The Democratic Party of Japan decided Tuesday to oppose any dispatch of the Self-Defense Forces to help reconstruct Iraq.
The move will likely keep the ruling and opposition camps at loggerheads for the remainder of the current Diet session.
The DPJ’s position, finalized at the day’s meeting of its shadow Cabinet, effectively rejects a government-proposed bill to send SDF troops to Iraq.
The legislation is currently being debated by a House of Representatives committee.
The largest opposition force said it would demand that all wording concerning the SDF dispatch be omitted from the bill, but the ruling parties are unlikely to comply.
“Large-scale fighting is over in Iraq, but we are still seeing smaller conflicts,” DPJ leader Naoto Kan told a news conference. “We cannot tolerate the SDF joining an occupation force.”

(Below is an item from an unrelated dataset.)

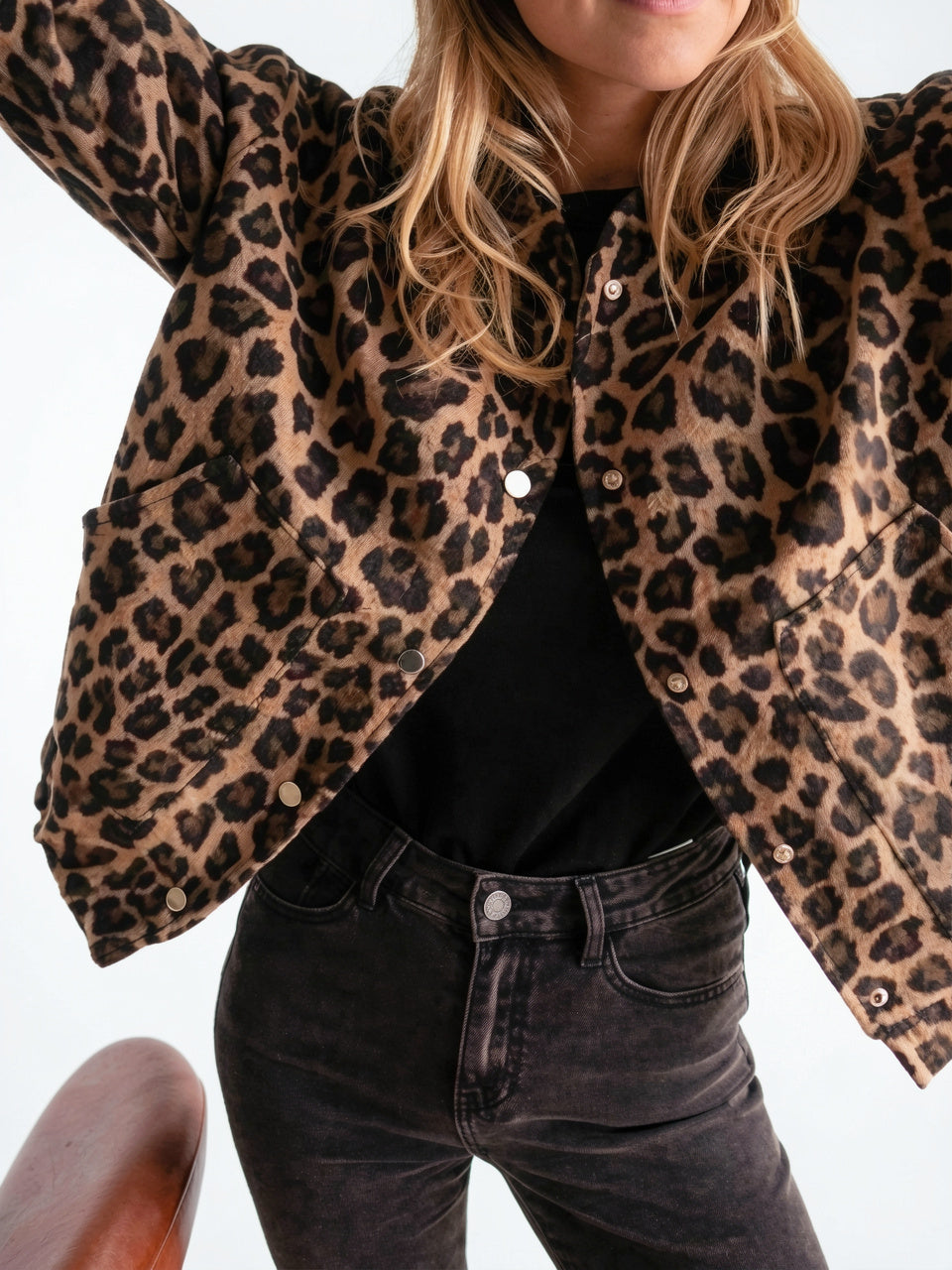 Veste Femme Imprimé Léopard Bomber Ample - 6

The DPJ said it will also demand that all mention of three U.N. resolutions, which the government used to justify the U.S.-led invasion of Iraq, should be dropped from the bill.
The DPJ has argued that the war was unilaterally waged by the U.S. in violation of international law and that it was not a war of self-defense and was not supported by international consensus.
The ruling triumvirate, for its part, indicated it would not bend to the DPJ.
“(The DPJ’s proposals) are totally out of the question,” a senior executive of the ruling bloc said, indicating the ruling camp is willing to ram the bill through the Lower House.
The three other opposition parties — the Liberal Party, Japanese Communist Party and Social Democratic Party — have already expressed their opposition to the bill.
Hidenao Nakagawa, Diet affairs chief in Prime Minister Junichiro Koizumi’s Liberal Democratic Party, has repeatedly warned that the prime minister may dissolve the Lower House if opposition parties boycott Diet deliberations and paralyze proceedings.
The DPJ will submit its own version of the dispatch bill. Its amendments will include the reduction of the term of activities of Japanese staff in Iraq to two years from the proposed four years.
The DPJ meanwhile agreed that Japan should play an active role in Iraq by dispatching nonmilitary personnel.
But sending the SDF to occupied Iraq could violate Japan’s war-renouncing Constitution, the DPJ argued.
Koizumi needs the bill to clear the Diet to avoid political humiliation, as he has promised the U.S. that Japan will send the SDF to Iraq as a symbol of its pledge to strengthen the bilateral military alliance.
Any blow to Koizumi’s authority would also give momentum to ruling coalition lawmakers who opposed the bill’s submission in the first place.